Bunreacht na hÉireann is the basic law or Constitution of Ireland. It was enacted in 1937 and has been amended several times.
The Constitution can only be amended if the proposed amendment has been approved by the people of Ireland in a referendum. A referendum gives the people the opportunity to express their opinion and vote for or against the proposed amendment.
Up to 2019, thirty-seven constitutional referendums had been held. They are listed on taoiseach.gov.ie. You can read reports and recommendations relating to several previous referendums on refcom.ie.
On Friday 24 May 2019, a referendum proposing a change in the Constitution in relation to divorce will be held. The proposal is about two issues relating to divorce:
- How long people must be living apart before applying for a divorce
- The recognition of foreign divorces
There will be one question on the ballot paper and voters can either vote Yes to allow both changes, or No to reject both changes. Voters cannot accept one change and reject the other.
The proposal to amend the Constitution must first be introduced in the Dáil as a Bill, setting out the text of the proposed amendment. The Bill cannot contain any other proposals. If the Bill is passed by both the Dáil and the Seanad it is then submitted to the people in a constitutional referendum, so that they can vote for or against it.
If the majority of the votes cast at the referendum are in favour of the change, the President signs the Bill into law and the Constitution is then amended.
If the majority of the votes cast at the referendum are not in favour of the change, the Bill is not signed into law and the Constitution is not amended.
Read more about the President and legislation.
The Referendum Commission is an independent body set up to communicate factual information about referendums. Its main role is to:
- Explain what the referendum proposal means
- Promote public awareness of the referendum
- Encourage people to vote
Only Irish citizens who are aged at least 18 can vote in a referendum. You need to be registered in order to vote – either on the main Register of Electors, the Postal Voters List, the Special Voters list or the supplement to one of these lists. You can use checktheregister.ie to see if you are registered. If you are not registered, you can apply to be added to the relevant supplement, but you must do this by a certain deadline once a referendum has been called. Read more in our document on registering to vote.
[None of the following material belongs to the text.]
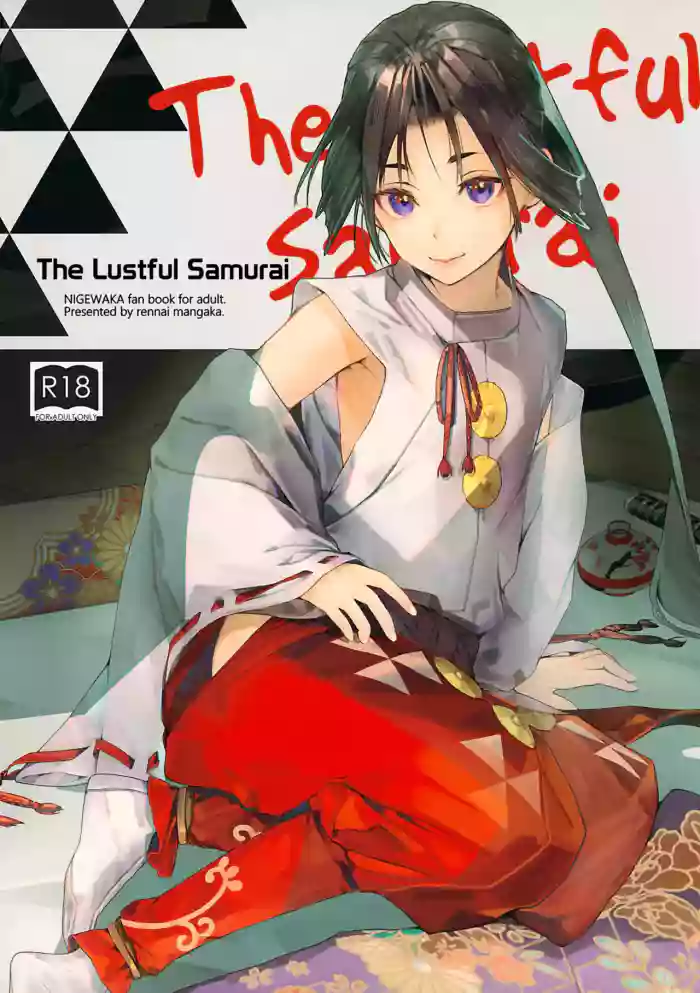 [Renai Mangaka (Naruse Hirofumi)] Neya Jouzu no Wakagimi | The Lustful Samurai (Nige Jouzu no Wakagimi) [English] [Habit Translations] cover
The referendum proposal is printed on the ballot paper and you are asked to indicate whether you are in favour of the proposal or against it. Read more in our document on voting in a referendum.
Facilities in place for voters with disabilities include postal voting; voting in a nursing home or similar; companion voting; and a tactile ballot paper template for visually impaired voters. Read more in our document on facilities for voters with disabilities.
When the results from all constituencies have been collated, the referendum returning officer draws up a provisional referendum certificate, stating the overall result of the voting. The certificate also states whether or not the proposed amendment has been approved by the people.
The provisional certificate is published in Iris Oifigiúil (the Irish State Gazette). If you wish to challenge the provisional certificate, you must present a petition to the High Court within 7 days of the publication of the provisional certificate. If no petition in presented to the High Court, the certificate becomes final.
If the final certificate shows that the majority of the votes cast were in favour of the proposal to amend the Constitution, the President signs the Bill and the Constitution is then amended.
How to apply
Application forms for inclusion on the Electoral Register, Special Voters List, Postal Voters List and the supplements to all these lists are available on checktheregister.ie. Forms are also available from all local authorities, post offices and public libraries.
Return the completed form to your local authority
The Constitution also provides for an ordinary referendum to be held in certain circumstances. An ordinary referendum does not relate to amending the Constitution. To date, no ordinary referendum has been held.